> [Exercise details]: Restate the records below word for word, and omit the images they hold.

> [Exercise data]:
· · · · ·

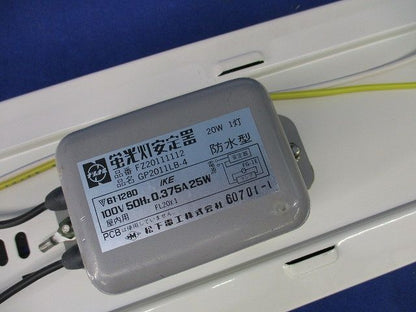ウォールライト 照明器具(経年劣化)National HW736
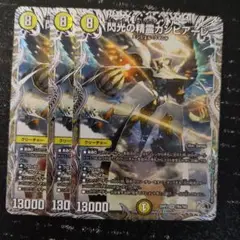 銀トレ　閃光の精霊カンビアーレ　3枚　DM25RP2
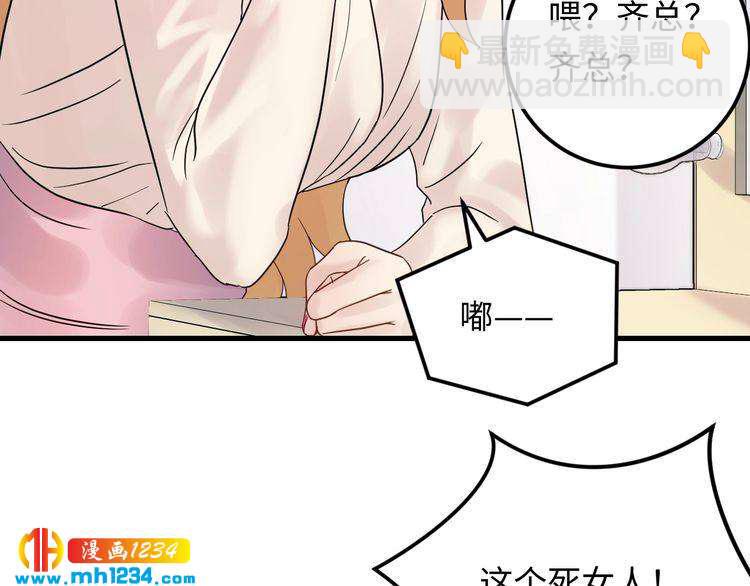 第102话 离梦想实现不远了(1/3)-第102话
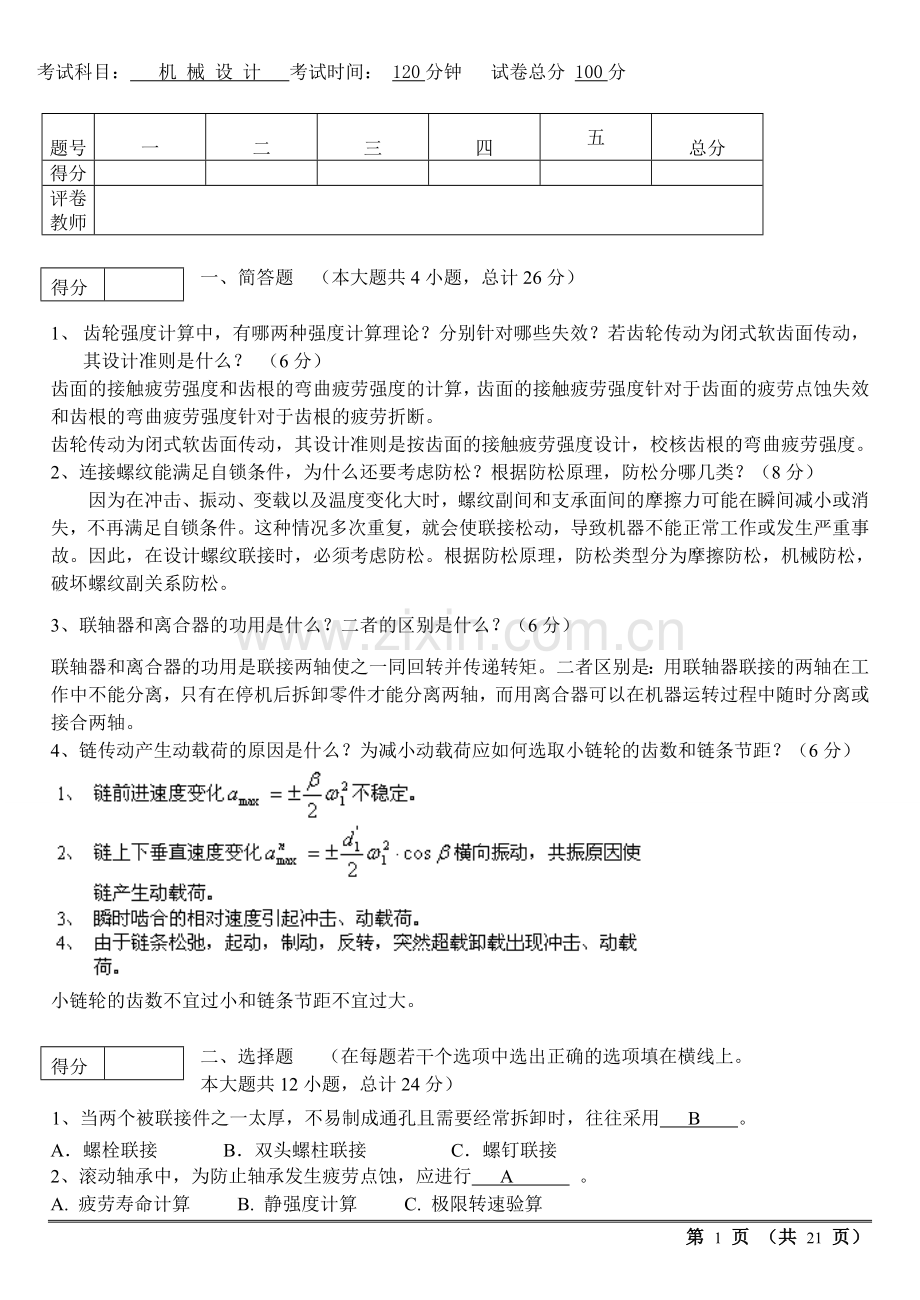 机械设计考试试题及答案汇总-.doc_第1页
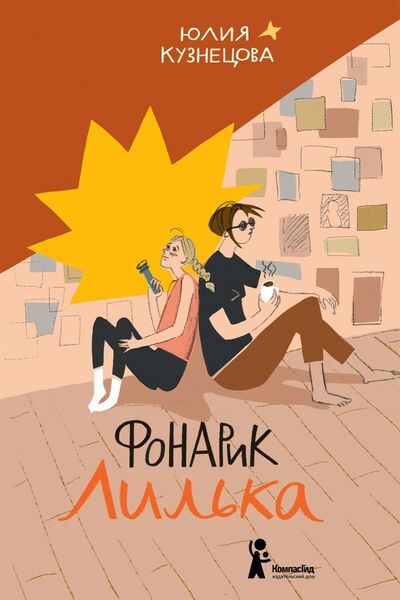 Книга: Фонарик Лилька (Кузнецова Юлия Никитична) ; КомпасГид, 2020 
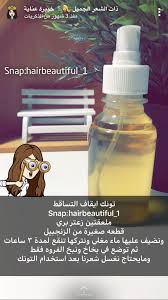 Pin By Gogo Om On Hear Care Hair Care Recipes Hair Care Oils Beauty Recipes Hair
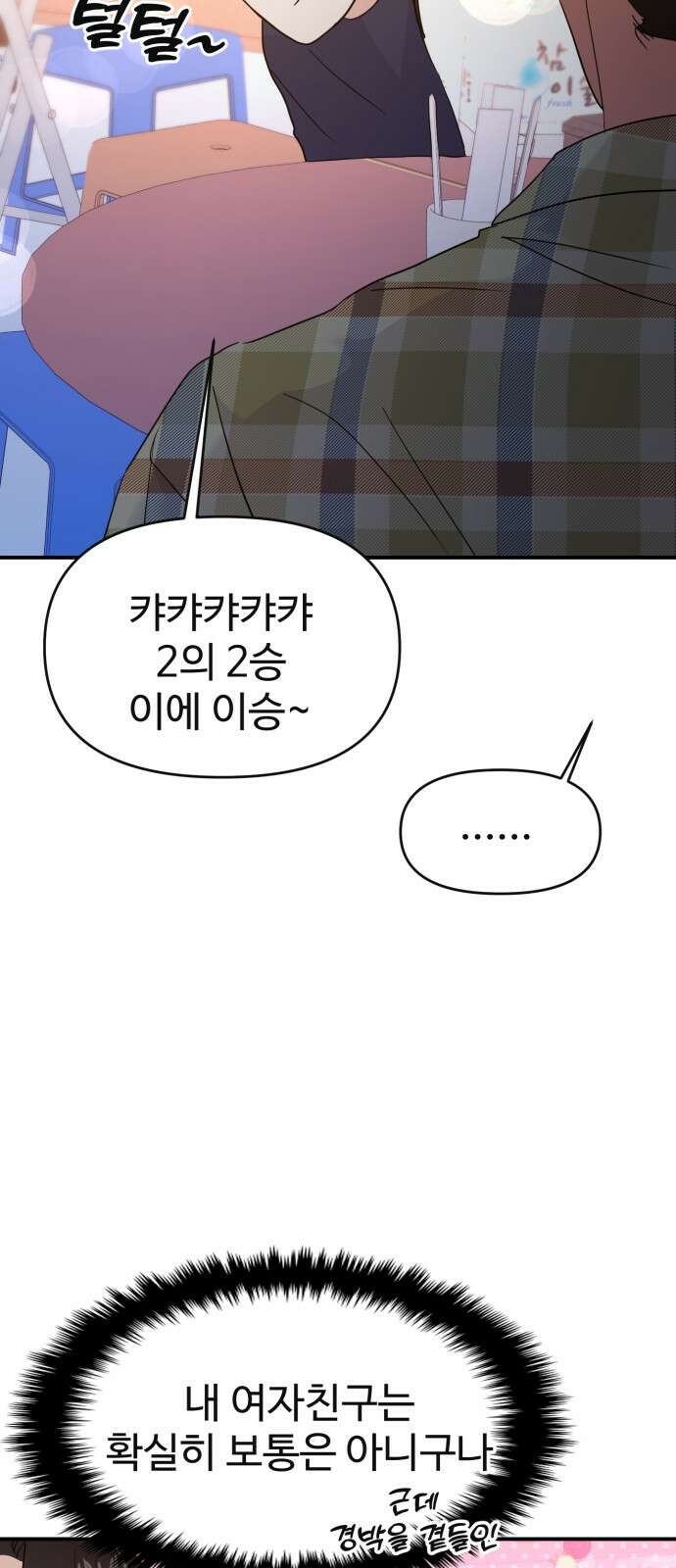 대충 캠퍼스로맨스임 100화 19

· · · · ·

> [Answer to the problem]:
ウォールライト 照明器具(経年劣化)National HW736
 銀トレ　閃光の精霊カンビアーレ　3枚　DM25RP2
 第102话 离梦想实现不远了(1/3)-第102话
 机械设计考试试题及答案汇总-.doc_第1页
 Книга: Фонарик Лилька (Кузнецова Юлия Никитична) ; КомпасГид, 2020 
 Pin By Gogo Om On Hear Care Hair Care Recipes Hair Care Oils Beauty Recipes Hair
 대충 캠퍼스로맨스임 100화 19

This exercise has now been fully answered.